Arrivés à Marseille Consolat, Mamadou Niang et Souleymane Diawara ont évoqué ce nouveau challenge dans les colonnes de La Provence. Morceaux choisis.

La nouvelle est tombée hier après-midi. Après avoir raccroché les crampons, Mamadou Niang et Souleymane Diawara ont rejoint le club de national Marseille Consolat. Le premier débarque en tant qu’adjoint de l’entraîneur, tandis que le second sera investisseur au sein du club sudiste. Deux arrivées forcément très médiatiques dans une ville où les deux anciens joueurs ont fait vibrer le Vélodrome sous le maillot de l’Olympique de Marseille. Mais ce choix est loin d’être uniquement une question d’image.

« On a toujours souhaité se professionnaliser et ces renforts ne peuvent être que positifs pour le club.
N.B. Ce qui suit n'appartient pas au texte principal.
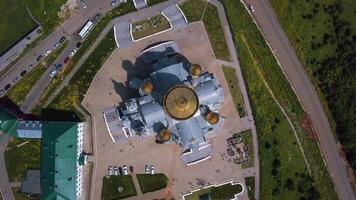 Vertical view of church from above. Clip. Top view of golden domes of church and surrounding area. Flat top view of church in summer video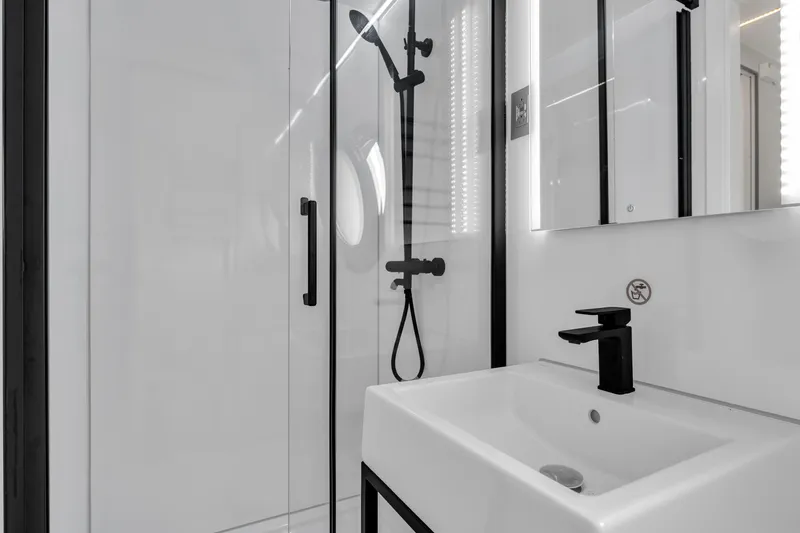 Slide: The Image of Modern bathroom in Waterlodge Apart EL 2025, featuring sleek shower and minimalist sink design. - 26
Souley’ va notamment nous aider à améliorer le quotidien de nos joueurs, ne serait-ce qu’au niveau des déplacements », a indiqué Salah Nasri, le directeur général du club à La Provence. Venus pour aider Marseille Consolat, actuel 12e de National, à espérer une montée en Ligue 1 à moyen terme, les deux anciennes gloires de l’OM ont commenté cette nouvelle vie au journal local. A commencer par un Diawara plus que jamais impliqué dans l’affaire.
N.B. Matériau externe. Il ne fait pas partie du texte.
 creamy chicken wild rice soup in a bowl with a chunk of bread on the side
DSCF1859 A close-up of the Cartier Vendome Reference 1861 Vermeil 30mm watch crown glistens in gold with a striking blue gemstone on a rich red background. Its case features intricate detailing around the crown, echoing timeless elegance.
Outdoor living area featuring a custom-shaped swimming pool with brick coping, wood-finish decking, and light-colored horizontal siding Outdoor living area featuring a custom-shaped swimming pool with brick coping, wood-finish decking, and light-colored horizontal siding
Diawara investit son argent personnel

« J’ai toujours dit que je ne pourrais jamais devenir entraîneur, mais je suis quand même un passionné de football. Ils (le DG et le directeur sportif) m’ont présenté le projet de Consolat, qui est de devenir le deuxième club pro de Marseille. Et avec tout le respect que j’ai pour l’OM évidemment, le challenge m’a plu. Je suis là en tant qu’investisseur et conseiller du président. Sauf si on me demande de le faire, je n’entrerai pas dans les vestiaires et je ne parlerai pas aux joueurs. Je vais investir mon argent personnel ».
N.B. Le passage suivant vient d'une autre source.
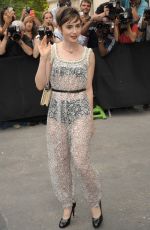 LILY COLLINS Arrives at Chanel Fashion Show in Paris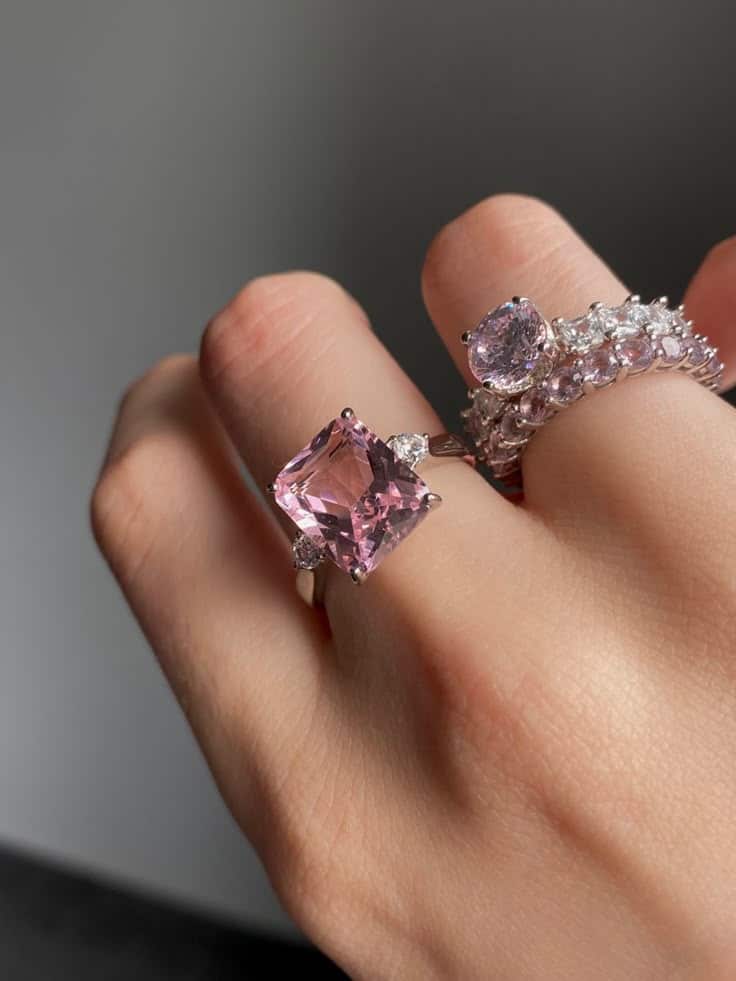 8a3508d2-f830-4e6e-84eb-27c9662dda9a Elegant hand wearing pink gemstone and diamond rings, showcasing luxury jewelry. | Sky Rye Design Elegant hand wearing pink gemstone and diamond rings, showcasing luxury jewelry.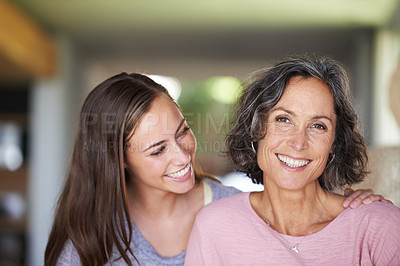 Buy stock photo A young woman smiling happily as she holds onto her mom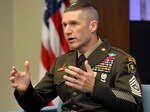 Sgt. Maj. of the Army Daniel Dailey speaks about retention and academic credentialing at the AUSA Institute of Land Warfare breakfast June 26 in Arlington, Virginia.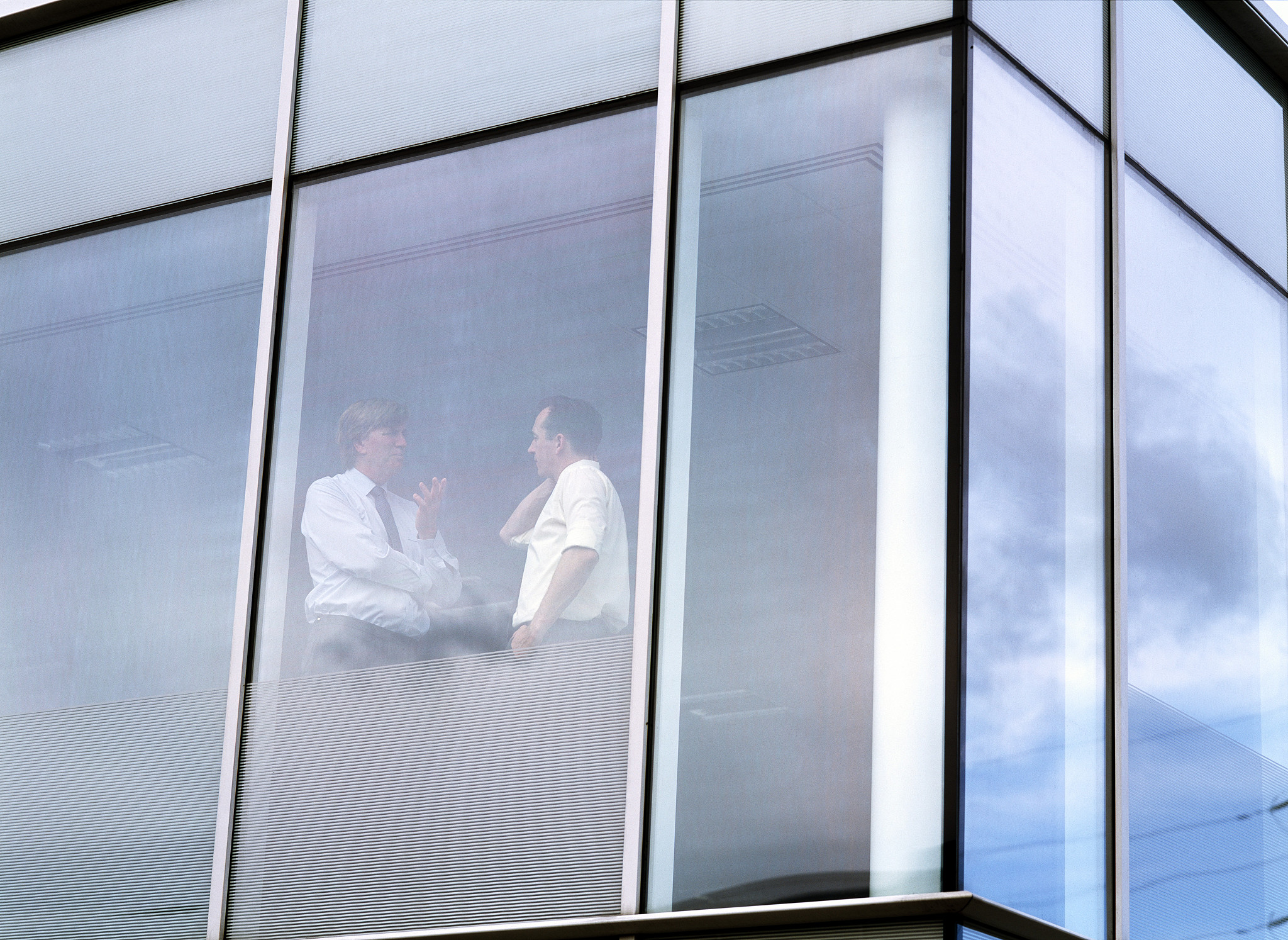 businessmen having discussion in office, low angle view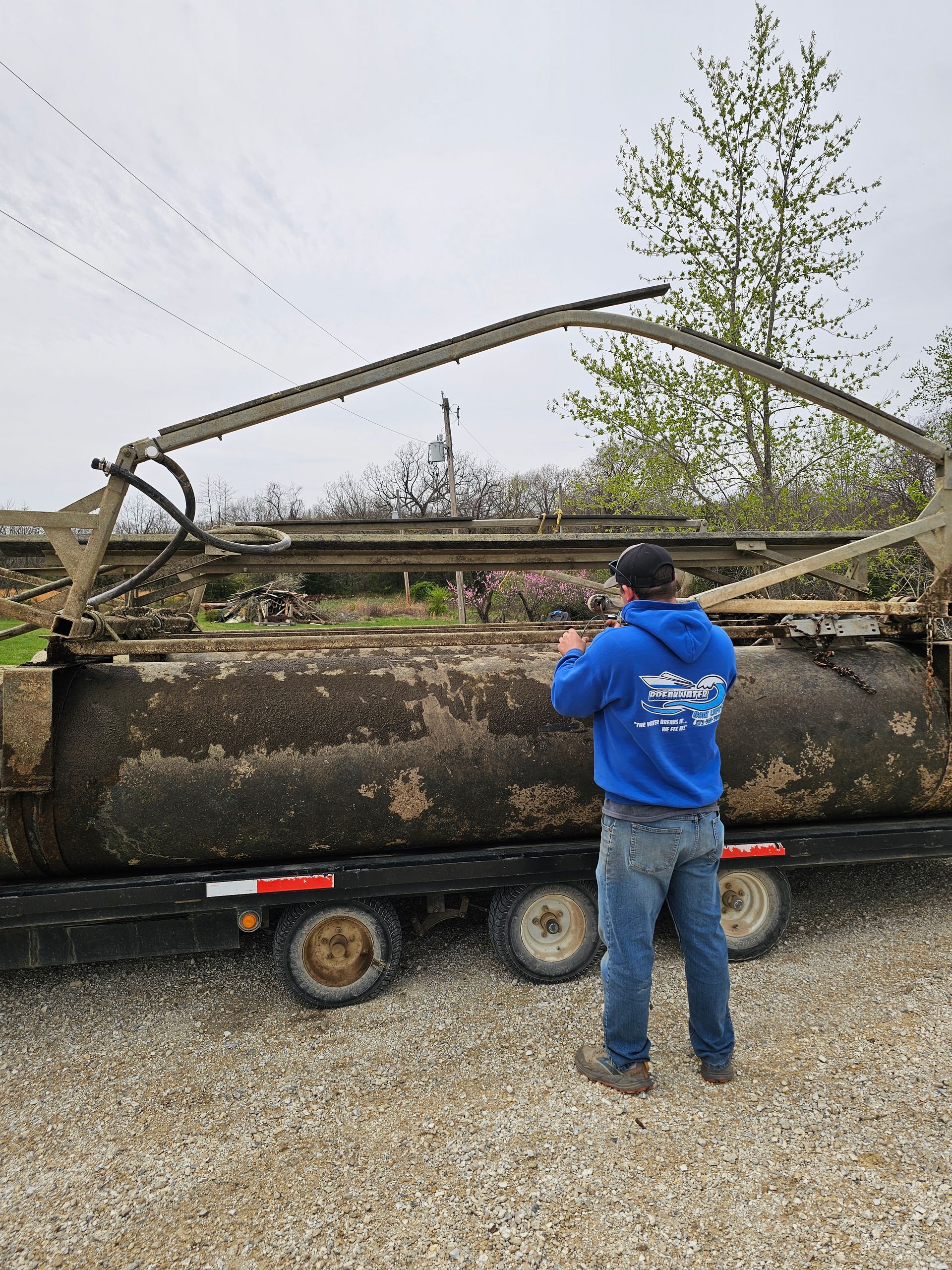 A man in a blue hoodie is standing in front of a trailer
Quant à Niang, s’il s’est montré moins bavard que son ancien partenaire à l’OM, l’ancien buteur phocéen est revenu sur son envie d’embrasser une carrière de technicien. « Je suis resté proche du football et même si je n’en parlais pas trop, c’est venu naturellement. J’ai même démarré ma formation pour passer le BEF (brevet d’entraîneur de football). » Reste maintenant à eux de confirmer ces belles ambitions, même si Marseille Consolat se sait désormais attendu dans tous les stades de son championnat.